> [What you are asked to do] The required result is an exact copy of the lines from the one containing "Meowy Party Kitten Cat Birthday Invitation" to the last line of the records, both ends included, without pictures.

> [Source data]
== == ==

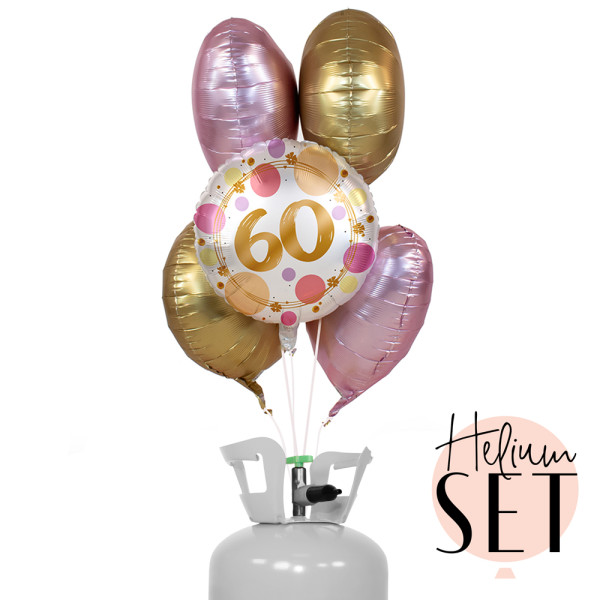 Shiny Dots 60 Ballonbouquet-Set mit Heliumbehälter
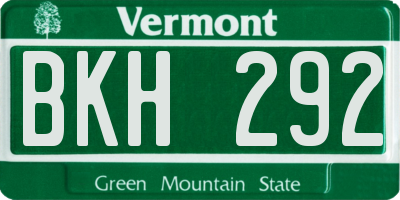 VT license plate BKH292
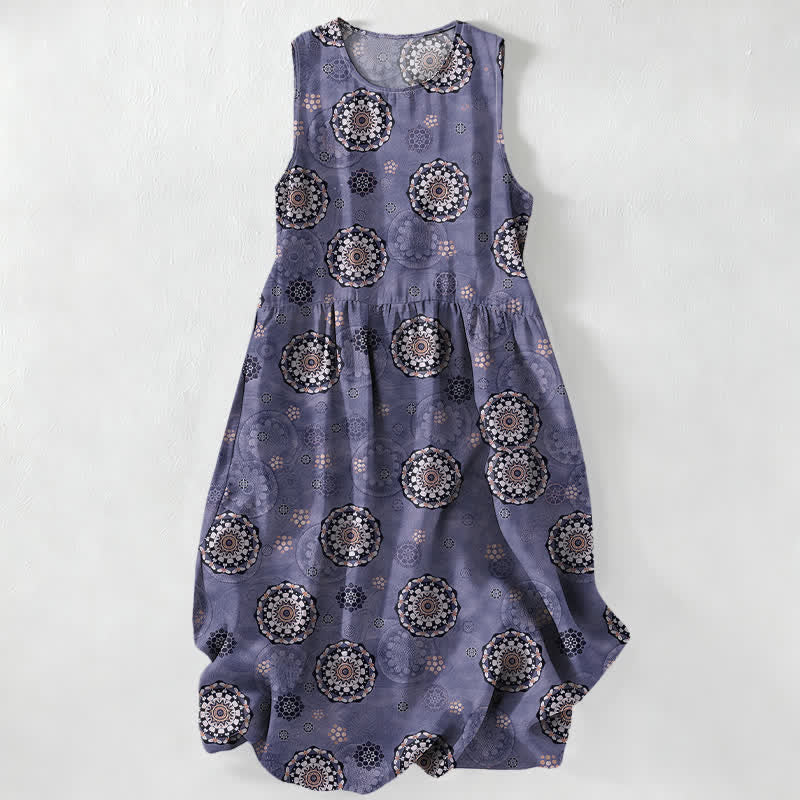 Buddha Stones Vestido midi de verano informal estilo bohemio con estampado de medallón de mandala para mujer, sin mangas y con bolsillos. - Morado medio - US16，UK/AU20，EU48 (3XL) - image 5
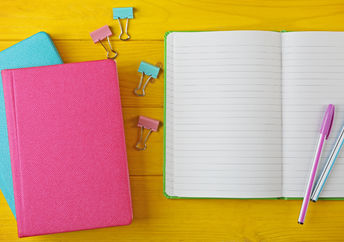 Colorful notebooks.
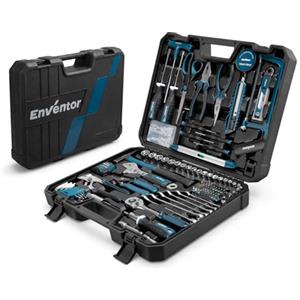 Enventor Cassetta Attrezzi Completa 280 Pezzi Blu, Set Attrezzi da Lavoro con Set Cacciavite Chiavi a Chiavi a Bussola, Valigetta Attrezzi Completa Riparazioni e Progetti Domestici Generali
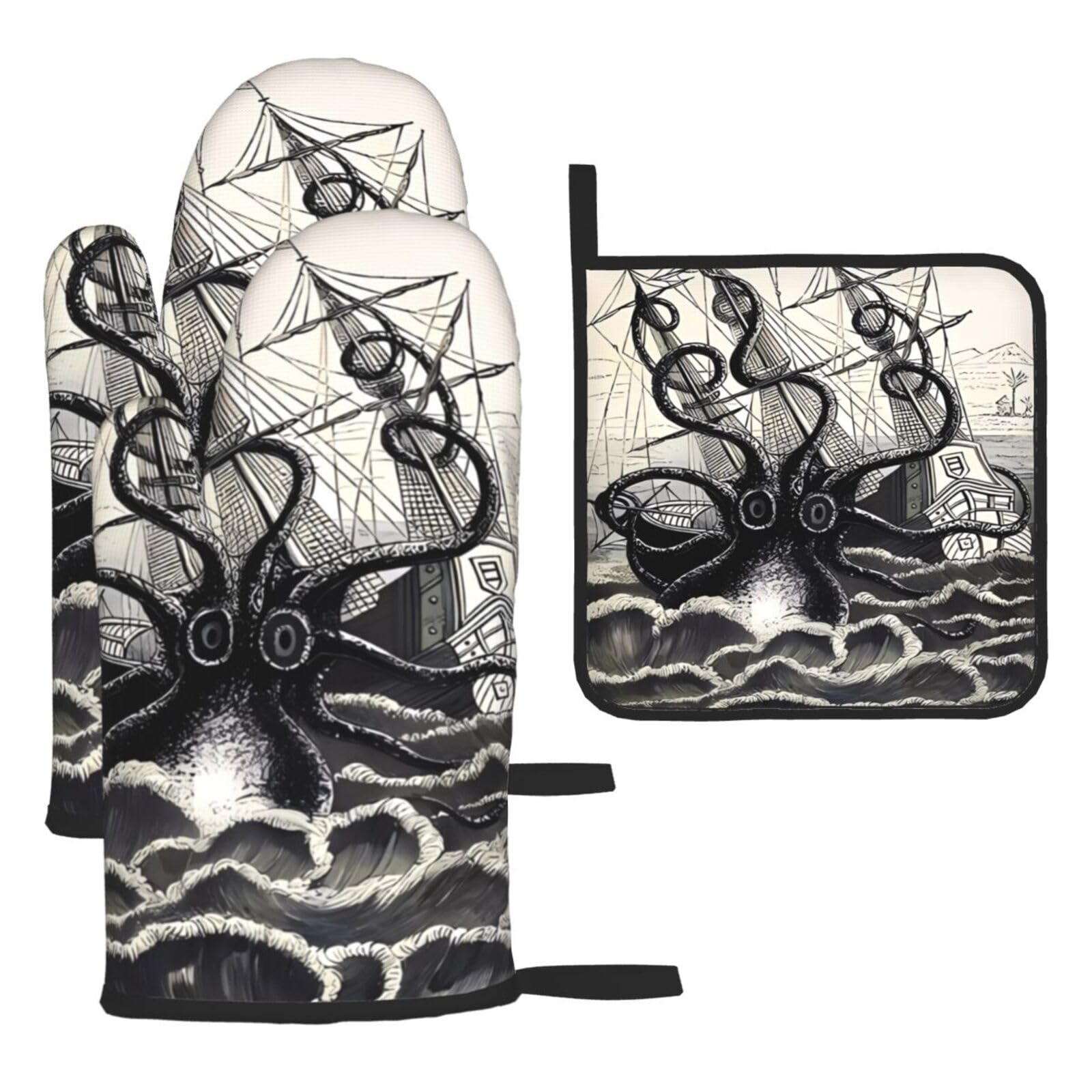 Sailing Pirate Octopus Printed Kitchen Oven Mitt Set 3-Piece Heat Resistant Gloves with Pot Holder Mat for Cooking Baking BBQ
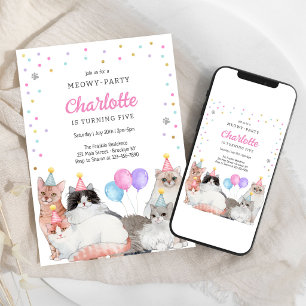 Meowy Party Kitten Cat Birthday Invitation
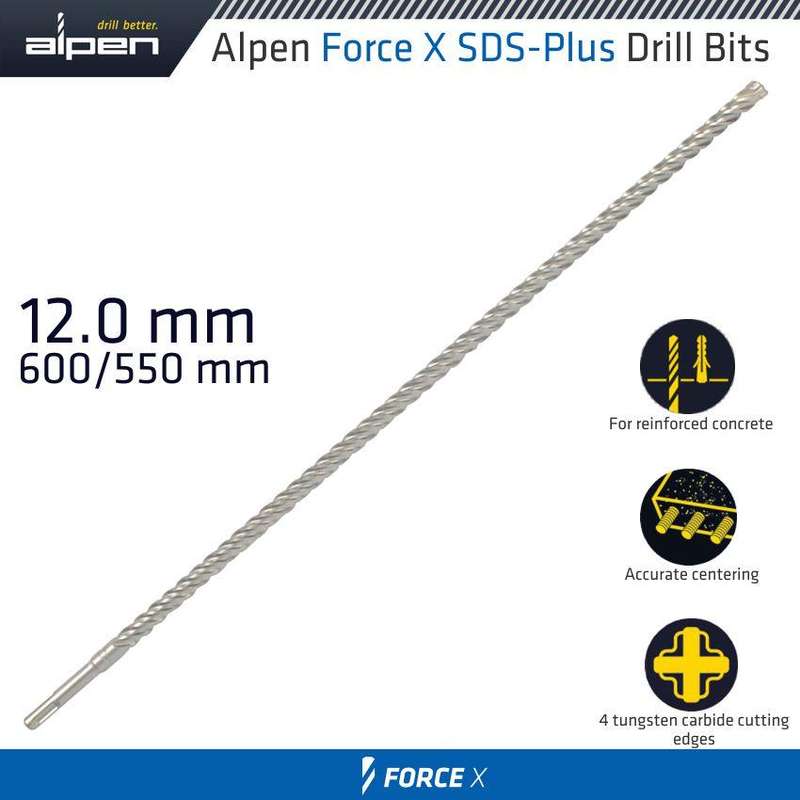 Force X 12.0 X 600/550 Sds Plus Rebar Drill Bit X4 Cutting Edges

== == ==

> [Solution below]
 Meowy Party Kitten Cat Birthday Invitation
 Force X 12.0 X 600/550 Sds Plus Rebar Drill Bit X4 Cutting Edges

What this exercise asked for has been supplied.